- _Required work_: Retype each line below without a single alteration.

- _Data below_:
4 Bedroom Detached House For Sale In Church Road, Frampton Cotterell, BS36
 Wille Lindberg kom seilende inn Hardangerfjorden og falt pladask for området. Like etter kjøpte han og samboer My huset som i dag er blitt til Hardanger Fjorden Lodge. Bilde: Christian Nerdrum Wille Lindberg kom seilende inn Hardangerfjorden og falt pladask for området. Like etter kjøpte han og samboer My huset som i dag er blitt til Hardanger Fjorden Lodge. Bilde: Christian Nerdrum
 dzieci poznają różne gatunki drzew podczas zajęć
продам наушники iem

- _Exercise result_:
4 Bedroom Detached House For Sale In Church Road, Frampton Cotterell, BS36
 Wille Lindberg kom seilende inn Hardangerfjorden og falt pladask for området. Like etter kjøpte han og samboer My huset som i dag er blitt til Hardanger Fjorden Lodge. Bilde: Christian Nerdrum Wille Lindberg kom seilende inn Hardangerfjorden og falt pladask for området. Like etter kjøpte han og samboer My huset som i dag er blitt til Hardanger Fjorden Lodge. Bilde: Christian Nerdrum
 dzieci poznają różne gatunki drzew podczas zajęć
продам наушники iem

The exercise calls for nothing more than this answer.